The mainstream mortgage market is no longer run or controlled by the banks. Wall Street has replaced the traditional bank and now pulls purse strings of this vast mortgage market via “mortgage backed securities.” A mortgage backed security (MBS) is simply a bond instrument in which anyone can invest. MBS’s are trading in the free and open market everyday just like stocks and bonds. The collateral for this investment is a group or “pool” of home mortgages just like the one you will use to finance your home.
The movement of interest rates in the mortgage market is directly related to the buying and selling the MBS’s on Wall Street. Why do some investors buy and why do some sell at any given point in time? Well, institutions, money managers, and individuals buy and sill these securities based on their opinion as to whether rates will rise or fall and whether they believe the interest rate paid on the security will give a good return for a long period of time. From an investors viewpoint, a falling rate may indicate to some a “sell” signal and to others a “buy” signal. The buying and selling of MBS’s is greatly affected by the investors’ return on the security as they view inflation—now and in the future. Some investors are more attracted to the MBS market than to the U.S. bond market because the return (yield) on MBS’s is in general higher and the risk is considered no greater. The mortgage backed security investment is seen as low risk because it is secured by home loans such as yours.
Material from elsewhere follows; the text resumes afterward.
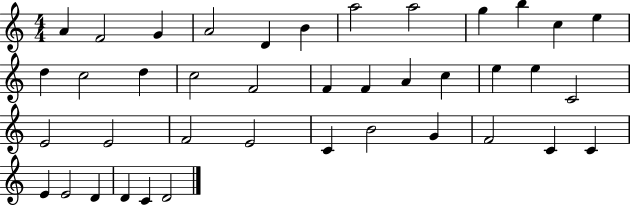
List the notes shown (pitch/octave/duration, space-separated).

A4/q F4/h G4/q A4/h D4/q B4/q A5/h A5/h G5/q B5/q C5/q E5/q D5/q C5/h D5/q C5/h F4/h F4/q F4/q A4/q C5/q E5/q E5/q C4/h E4/h E4/h F4/h E4/h C4/q B4/h G4/q F4/h C4/q C4/q E4/q E4/h D4/q D4/q C4/q D4/h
All investment markets (stocks, bonds, and MBS’s) can realize a period of stability as well as volatility base on the “perception” of these investors and the traders who make the actual transaction in the market place.
An important fact to remember about your decision to “lock or not to lock” is that both your commitment and ours are made on the “good faith” of the participants involved. We feel that a promise made is a promise kept, regardless of which way the market moves after the transaction is made. Residential lenders in today’s sophisticated market do not take interest rate risks because the cost is too great.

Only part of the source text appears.